Jennifer Plyler, a senior at East Davidson High School, doesn’t have to imagine such a place. Last summer she visited Kibera, a slum on the outskirts of Nairobi, the capital of Kenya.
“The first thing you see is rusty tin roofs on top of each other,” Plyler said of the first time she approached Kibera. “These are small shacks, built out of mud. Six people will be living in 6-by-6 rooms.”
The people of Kibera live in these cramped conditions without running water or proper sewage disposal. Instead of roads, there are thin paths with sewage running down the sides of them. Needless to say diseases, such as malaria, are rampant in this squalid slum. But there were also some positive attributes that Plyler observed of the people who lived in such deplorable conditions. For starters, she said crime is not as severe there as it is in ghettos in the United States.

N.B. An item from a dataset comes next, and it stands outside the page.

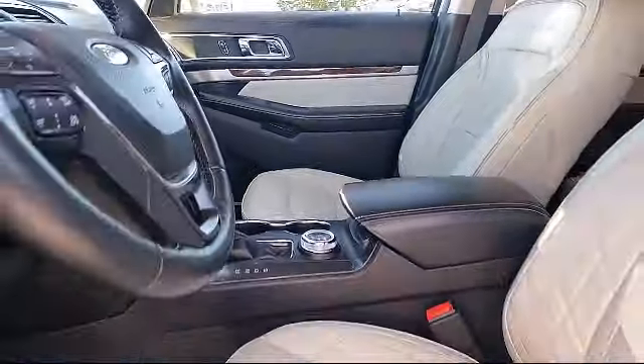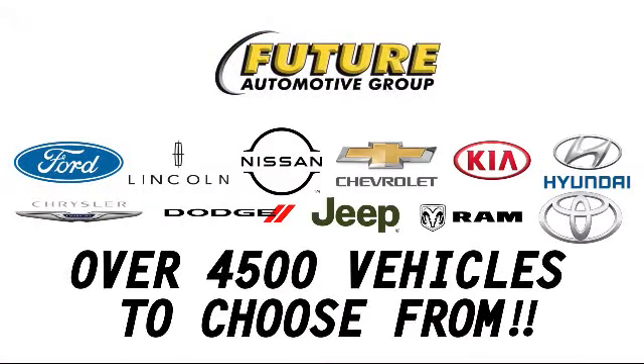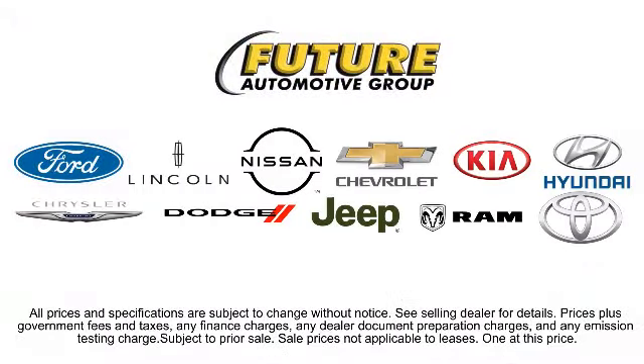We hope you'll give us the opportunity to prove to you what customer service is all about. So give us a call or stop by — we're looking forward to meeting you, and so is your next vehicle.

“The people of Kibera basically are their own police,” Plyler said. “There is no tolerance for crime there. There is hardly any drug use.”
What Plyler did see in Kibera was thirst for knowledge — especially among the children, who make up over half of the population. She was there on a mission trip with Harold and Ruthann Burchel, as well as their granddaughter, Ashley Burchel. The Burchels are friends with the Plyler family, including Jennifer’s parents, Sarah and Mike Plyler. Jennifer Plyler and the three Burchels were in Kenya for three weeks last July to convert residents of Kibera to Christianity.
“These children wanted to absorb all the information they could,” Jennifer Plyler said. “They were very attentive. Education is very valued in Africa.”
The trip was made possible by donations from members of Mount Zion Wesleyan Church, where the Plylers and the Burchels attend — as well as donations from other friends of the Plylers.
Lately, the area has been undergoing unrest. Not long after Plyler and the Burchels left Kenya an election was held with controversial results. These have been a lot of riots in Kibera since, but Plyler feels the converts to Christianity will stick to their religious beliefs.
“Once Africans receive the truth, they absorb it,” Plyler said. “This upheaval isn’t going to cause people to turn away from the truth that we gave them.”
Plyler, who graduates next month, developed an appreciation for the Kenyans from a previous trip to that country. In 2004, she went with Ruthann and Hal Burchel, along with her sister Lyndsay Plyler, and four other people to Nairobi. Then the eight missionaries traveled 10 hours by vehicle — about five miles on a primitively paved road and the other half on dirt road — to the village of the Pokot tribe. There, they built a church for the Pokot people, who had been worshipping under a tree before the philanthropic efforts of the locals.
“During my first trip, I developed a great affection for African people,” Jennifer Plyler said. “I thought they had a great spirit about them. They’re facing extreme hardship, but have so much joy about them.”
Jennifer and Lindsay were not the first of Sarah and Mike Plyler’s children to visit Africa on a mission with the Burchel’s. Micheal Plyler went in 2003. While the three Plyler children helped educate children in Africa, they have done well with their own education here in North Carolina. Lindsay is now Lindsay McClamrock, a graduate of High Point University. She works for Old Dominion Freight Line and plans to return to HPU to get her masters. Michael graduates from UNC-Wilmington this month.
Jennifer will start at UNC-Wilmington this fall and plans to major in athletic training. As a student-athlete at East Davidson, she has been on the tennis, swimming and winter and spring track teams. She is graduating near the top of her class and eventually plans to earn a doctorate in physical therapy.
The standout student definitely has more knowledge than the average college graduate. These trips to Africa have expanded her mind in ways that most teenagers have not been able to experience.
“You see our way of life around here, but it’s amazing to see how other cultures go about marriage and other traditions,” Jennifer Plyler said. “It also gave me a great sense of pride. The trip taught me that I could handle responsibility.”